Solea
Manuela Bertulli
“Quella, che tu credevi un piccolo punto della terra, fu tutto.
E non sarà mai rubato quest’unico tesoro
ai tuoi gelosi occhi dormienti...
L’insegna paurosa non varcherà mai la soglia
di quella isoletta celeste.
E tu non saprai la legge ch’io, come tanti, imparo,
e a me ha spezzato il cuore: fuori del limbo non v’è eliso”
E. Morante, Dedica a Remo N., in L’isola di Arturo, Einaudi, 1957.
Erano un gruppetto di “mocciosi”, ognuno con un’espressione diversa e un sogno differente da realizzare. Li accomunava però la vivacità, la curiosità e l’innocenza dei loro quattro anni. A quell’età si erano conosciuti in un asilo al confine tra Bollate e Cassina de’ Girasoli. La scuola materna era lì da quasi cinquant’anni e, nel pieno della sua maturità, li aveva accolti e coccolati. Come l’asilo, anche loro erano nati in quella “terra di mezzo” dove, se stai al di qua, sei “rispettabile”, mentre, al di là, non sei più “credibile”, sparisci nella “Corea” delle vecchie case popolari e rischi di perderti nel “bosco” frequentando compagnie poco raccomandabili (“Attenti al lupo!!!”).
Loro, insieme a noi, avevano scelto di credere che ci fosse una possibilità oltre confine. E così, grazie alla nostra imprudenza e allo stupore dell’innocenza dei loro occhi smaniosi di correre dietro una palla e diventare tutt’uno con il fango, ci credemmo e varcammo i cancelli della Solea1 perché i suoi colori giallo-verdi, come quelli di un sole che illumina un prato, suscitavano fiducia e speranza. Ad attenderci trovammo solamente “una donnina piccola così, con due occhi grandi per guardare, e un omino con un cappello piccolo così, che torna sempre tardi da lavorare”: Paola e Renato che, come i custodi delle porte del paradiso, stavano lì da tempo immemorabile.2
In quel piccolo centro sportivo con tante finestrelle colorate c’era di tutto: bravi allenatori, dirigenti competenti, spogliatoi con docce funzionanti, campi da calcio ben tenuti in mezzo ad un mare di palloni e di cicale, persino una palestra per ripararsi dalle intemperie e dal freddo durante l’inverno. Eppure, qualcuno non ci aveva creduto e qualcosa mancava per ridare sicurezza e convinzione ad un quartiere che sembrava ormai averle perse... loro... “i mocciosi”.
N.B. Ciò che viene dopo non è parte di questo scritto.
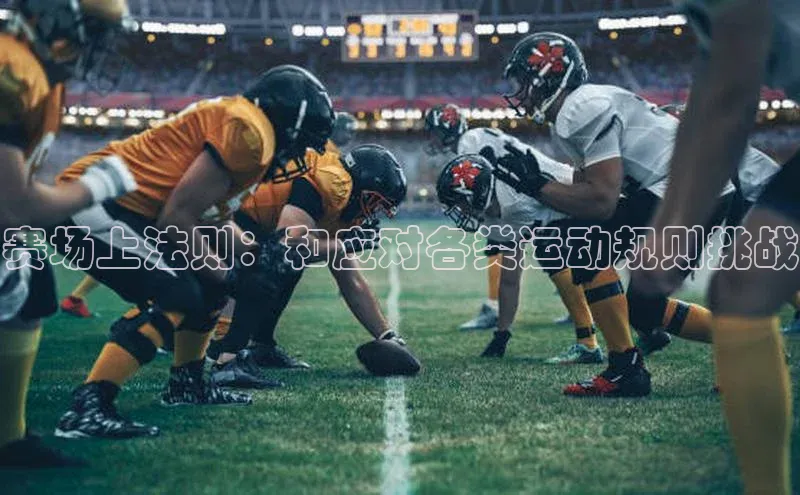 赛场上法则：和应对各类运动规则挑战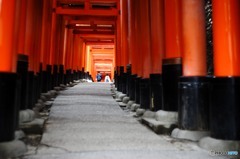 千本鳥居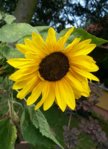 20150816_091550.jpg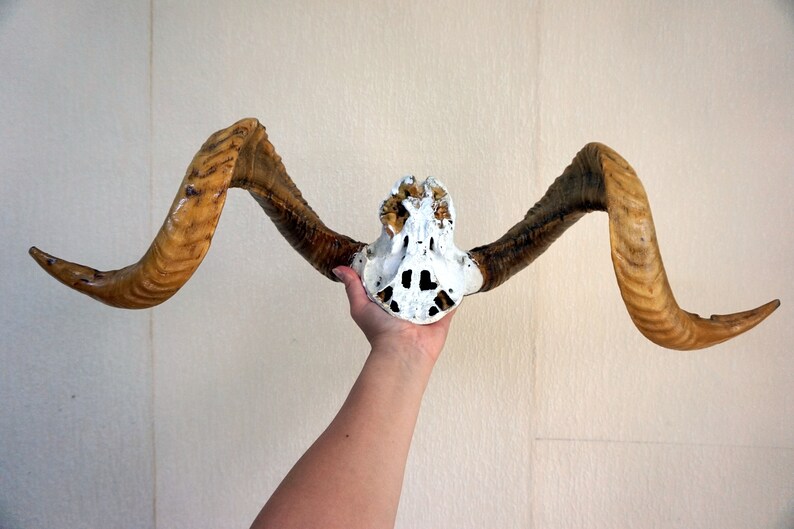 ram horns Large Real ram horns On medallion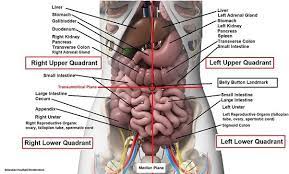 The posterior portion and the body. What Are Some Characteristics Of The Organs Under The Left Side Of The Rib Cage Quora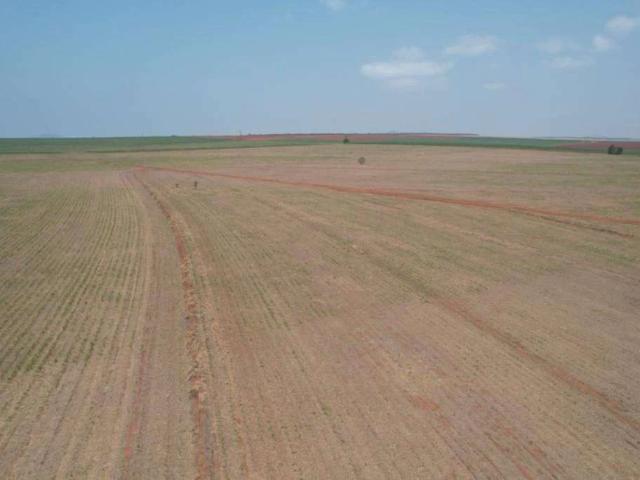 Fazenda venda em Teodoro Sampaio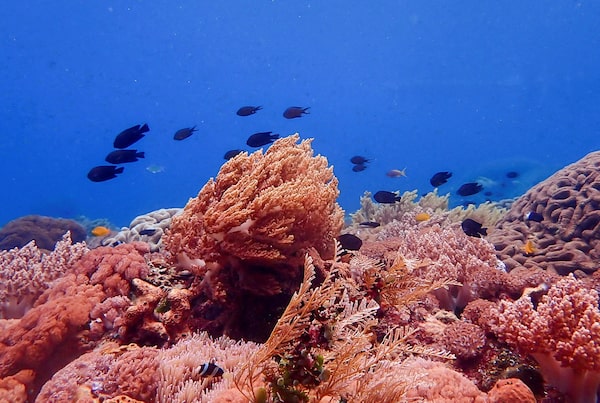 World on brink of fourth mass coral reef bleaching event, NOAA says ...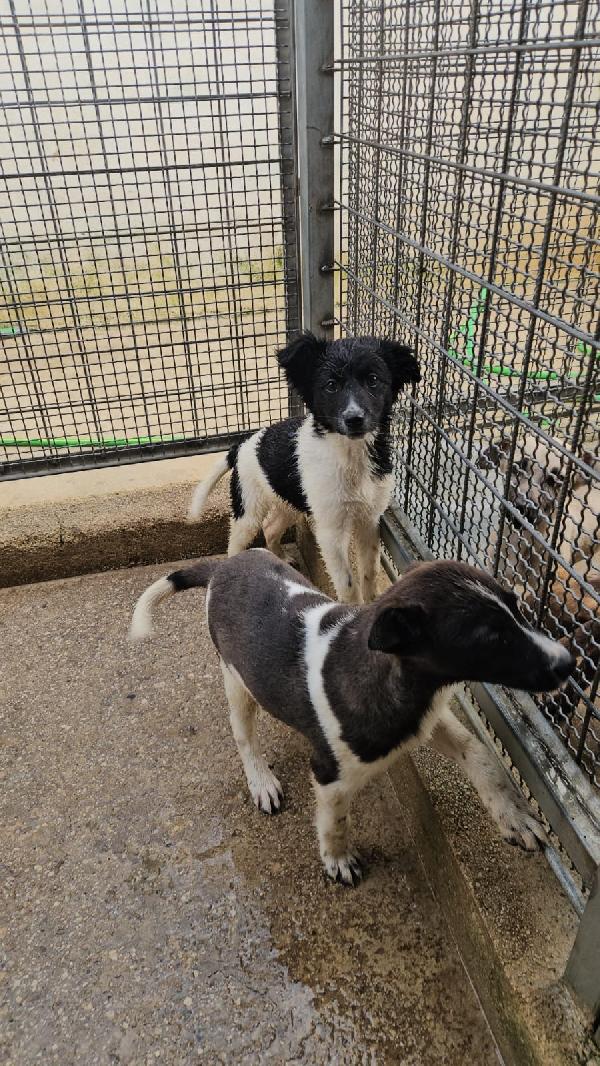 Smeralda Splendida Dolce Cucciola Cerca Casa 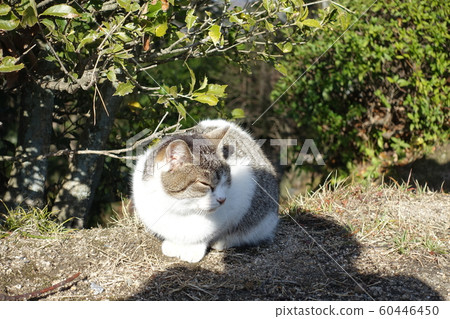 Cat 60446450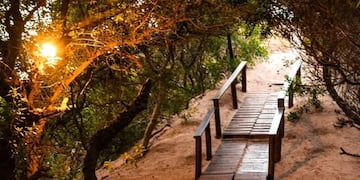 Playa entre bosques.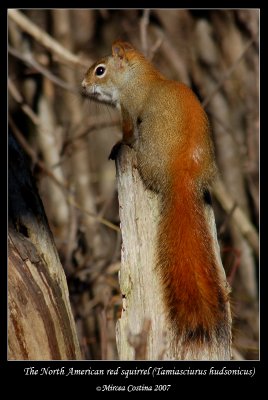 red-squirrel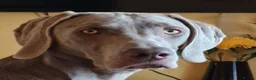 Weimaraner dogs for sale: Weimaraner KC REGISTERED 1yr Girl.  - Advert 3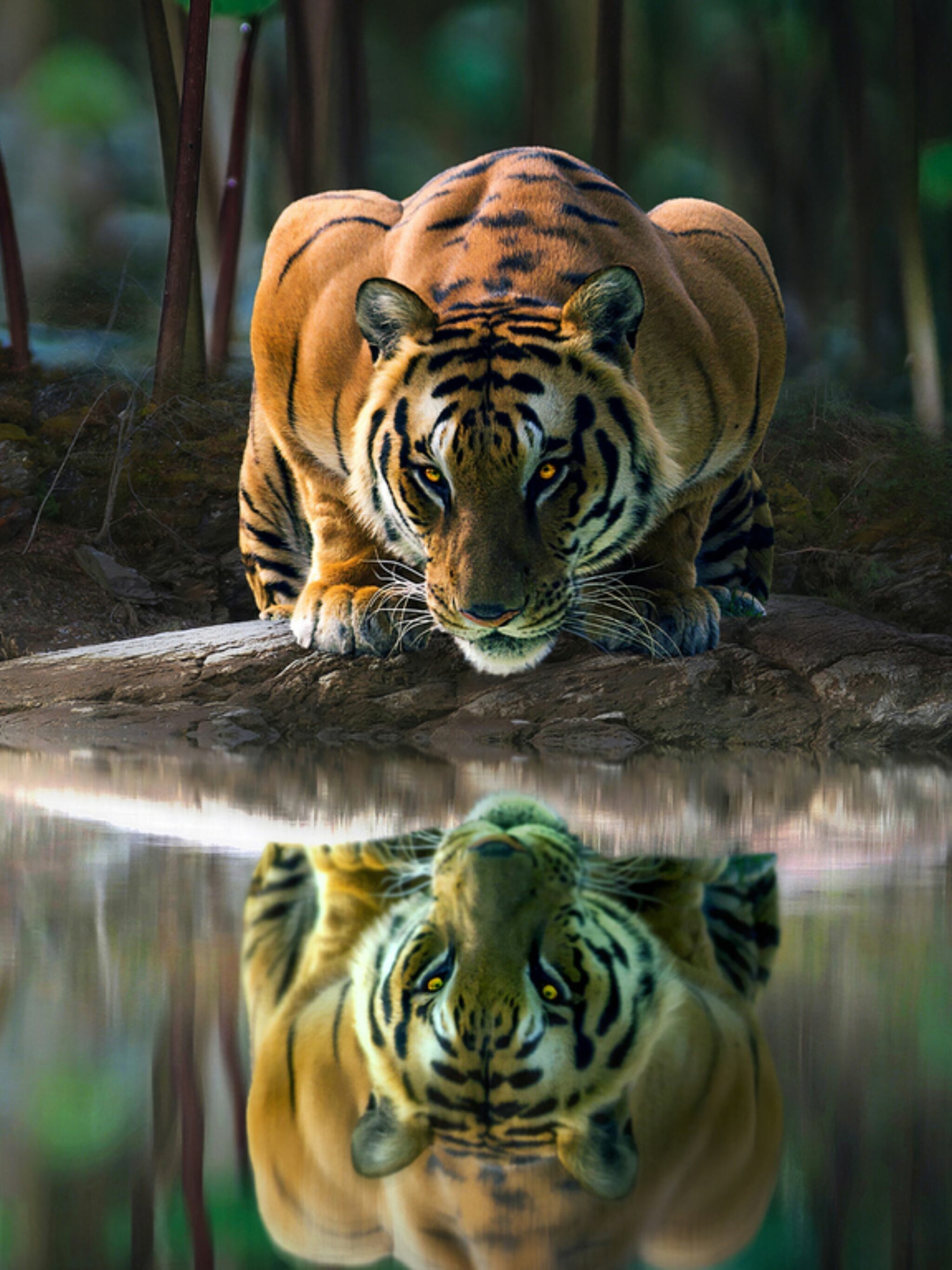 Tiger: A tiger's coat pattern is still visible when it is shaved. 2050x2740 HD Wallpaper.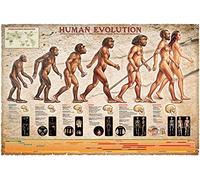 Empire Poster Human Evolution + Accessoires de Fixation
Ci trovammo bene, era quasi come aver scovato un rifugio dove ognuno si sentiva accolto per quello che realmente è: un approdo “magico” con un’atmosfera dolce e familiare dal quale non si riusciva, inspiegabilmente, ad allontanarsi... quasi come se la Solea fosse “l’isola che non c’è” da cui, presto o tardi, tutti noi siamo salpati per andare incontro al futuro.3
Quando mi capita di ripensare a quei giorni e ai “giochi della strada che ho chiusi dentro al petto”,4 mi tornano in mente, oltre alle strofe iniziali della canzone di Edoardo Bennato, anche le malinconiche battute conclusive del romanzo L’isola di Arturo della Morante. La scrittrice fa dire al protagonista Artù, ormai prossimo a lasciare per sempre Procida, cioè il luogo in cui è nato e vissuto sino ad allora: “Senti. Non mi va di vedere (l’isola)... mentre s’allontana, e si confonde, diventa come una cosa grigia... Preferisco fingere che non sia esistita. Perciò, fino al momento che non se ne vede più niente, sarà meglio ch’io non guardi là. Tu avvisami, a quel momento. E rimasi col viso sul braccio, senza nessun pensiero, finché Silvestro mi scosse con delicatezza, e mi disse: Arturo, su, puoi svegliarti. Intorno alla nostra nave, la marina era tutta uniforme, sconfinata come un oceano. L’isola non si vedeva più”.5
Questa è stata per noi la Solea, questo è stato per noi il calcio: un’isola felice, un rifugio con i colori di un sole e il profumo di un prato “piccolo così” oltre il confine conosciuto.
1. M. Davis, Solea, in Sketches of Spain, 1960.
2. L. Dalla, Attenti al lupo, in Cambio, 1990.
3. L’isola che non c’è (Neverland), è il “non-luogo” in cui vive Peter Pan, personaggio inventato nel 1904 da J. M. Barrie (1860-1937). Solo i bambini, con la loro fervida immaginazione, possono giungervi seguendo la“seconda stella a destra questo è il cammino, e poi dritto fino al mattino, poi la strada la trovi da te, porta all’isola che non c’è”. E. Bennato, L’isola che non c’è, in Sono solo canzonette, 1980.
4. I. Graziani, Agnese, in Agnese dolce Agnese,1979.
5. E. Morante, L’isola di Arturo, Torino, Einaudi, 1957, p. 573.